▸ **Your assignment**: Except for the images, repeat the entries below word for word.

▸ **Excerpted data**:
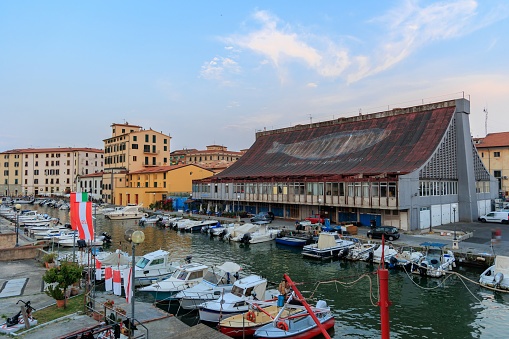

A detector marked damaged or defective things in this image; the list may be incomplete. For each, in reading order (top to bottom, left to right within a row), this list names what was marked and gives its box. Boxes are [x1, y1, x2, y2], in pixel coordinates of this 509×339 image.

large building with rusty roof [0, 147, 104, 198]
rusted metal roof [212, 106, 454, 181]
large building with rusty roof [193, 98, 496, 231]
large building with rusty roof [474, 131, 509, 199]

▸ **Result of this task**:
A detector marked damaged or defective things in this image; the list may be incomplete. For each, in reading order (top to bottom, left to right within a row), this list names what was marked and gives its box. Boxes are [x1, y1, x2, y2], in pixel coordinates of this 509×339 image.

large building with rusty roof [0, 147, 104, 198]
rusted metal roof [212, 106, 454, 181]
large building with rusty roof [193, 98, 496, 231]
large building with rusty roof [474, 131, 509, 199]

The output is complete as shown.